## What you will do
Write out the records below exactly as they appear, skipping each picture.

## Data for review
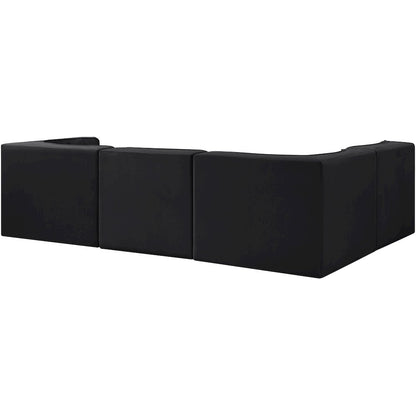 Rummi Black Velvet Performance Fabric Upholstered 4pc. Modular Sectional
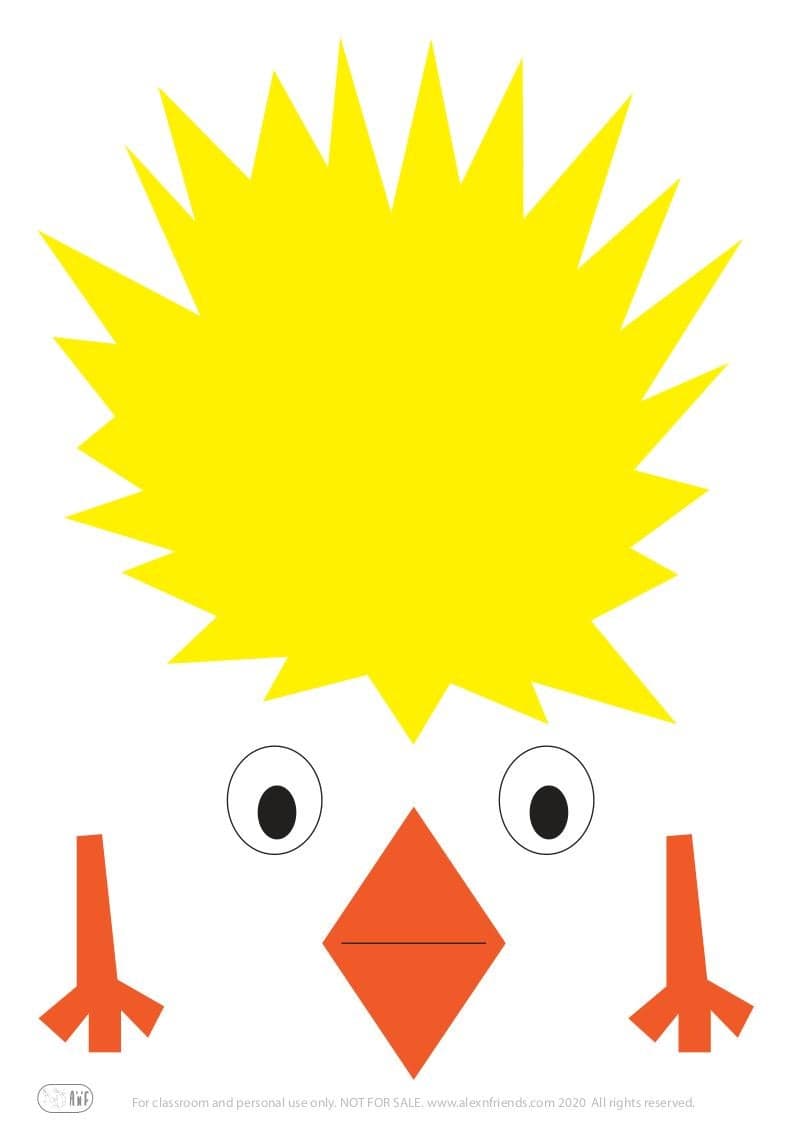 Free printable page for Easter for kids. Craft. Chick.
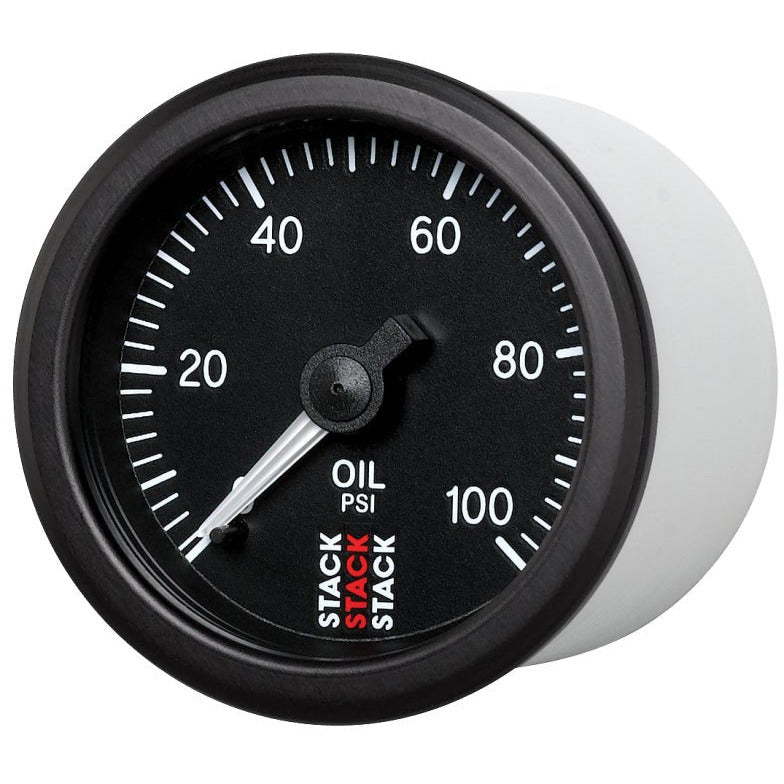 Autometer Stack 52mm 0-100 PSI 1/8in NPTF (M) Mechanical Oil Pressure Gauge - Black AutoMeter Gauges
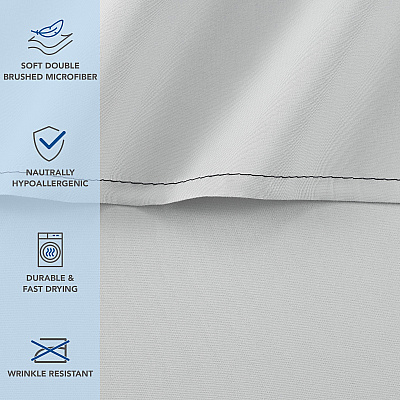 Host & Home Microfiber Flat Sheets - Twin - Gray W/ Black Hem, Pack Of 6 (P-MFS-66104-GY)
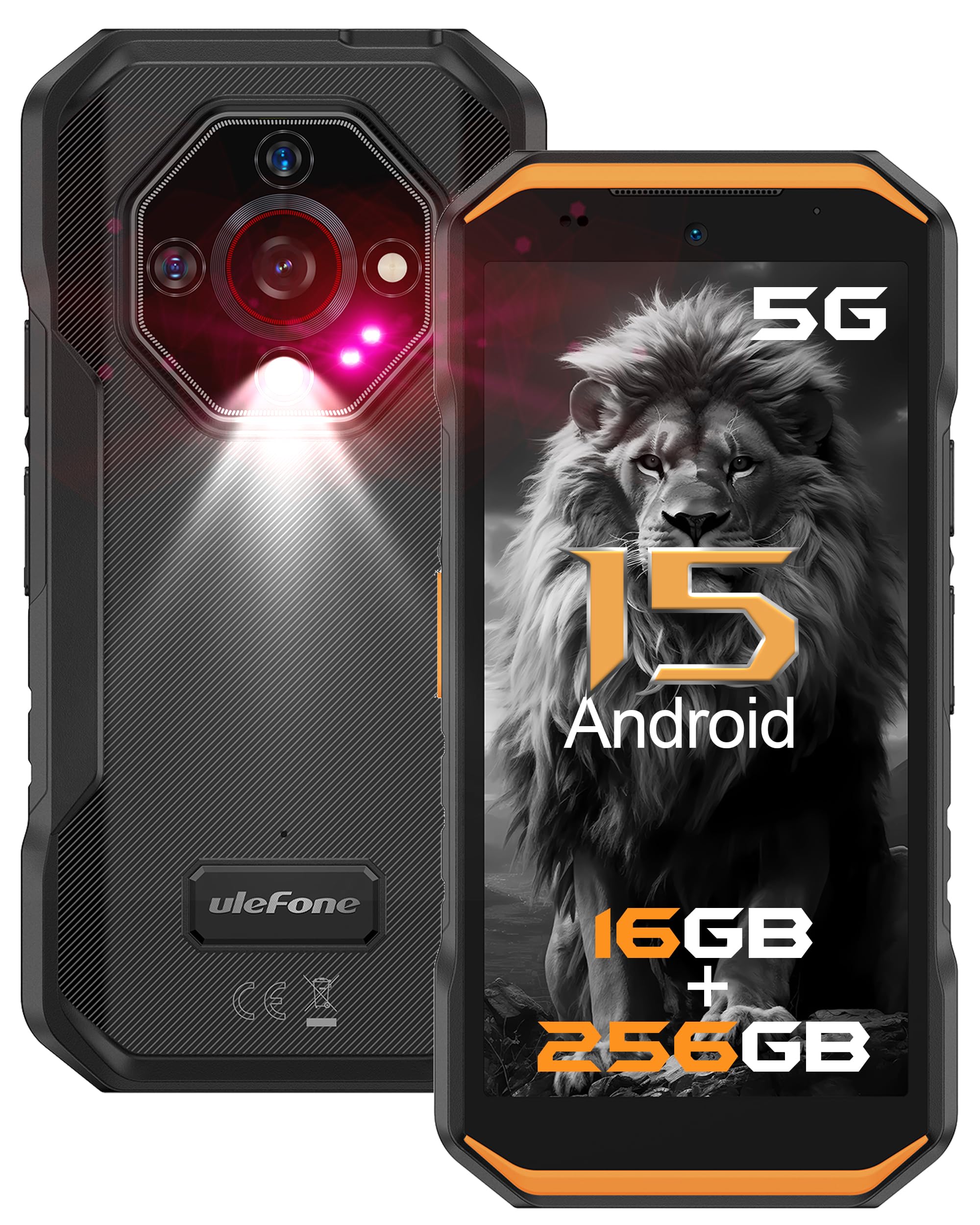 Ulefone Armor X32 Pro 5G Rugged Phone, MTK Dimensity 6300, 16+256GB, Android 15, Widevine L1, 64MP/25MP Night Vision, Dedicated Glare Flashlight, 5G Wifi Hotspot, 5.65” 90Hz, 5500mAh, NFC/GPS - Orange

## Answer space
 Rummi Black Velvet Performance Fabric Upholstered 4pc. Modular Sectional
 Free printable page for Easter for kids. Craft. Chick.
 Autometer Stack 52mm 0-100 PSI 1/8in NPTF (M) Mechanical Oil Pressure Gauge - Black AutoMeter Gauges
 Host & Home Microfiber Flat Sheets - Twin - Gray W/ Black Hem, Pack Of 6 (P-MFS-66104-GY)
 Ulefone Armor X32 Pro 5G Rugged Phone, MTK Dimensity 6300, 16+256GB, Android 15, Widevine L1, 64MP/25MP Night Vision, Dedicated Glare Flashlight, 5G Wifi Hotspot, 5.65” 90Hz, 5500mAh, NFC/GPS - Orange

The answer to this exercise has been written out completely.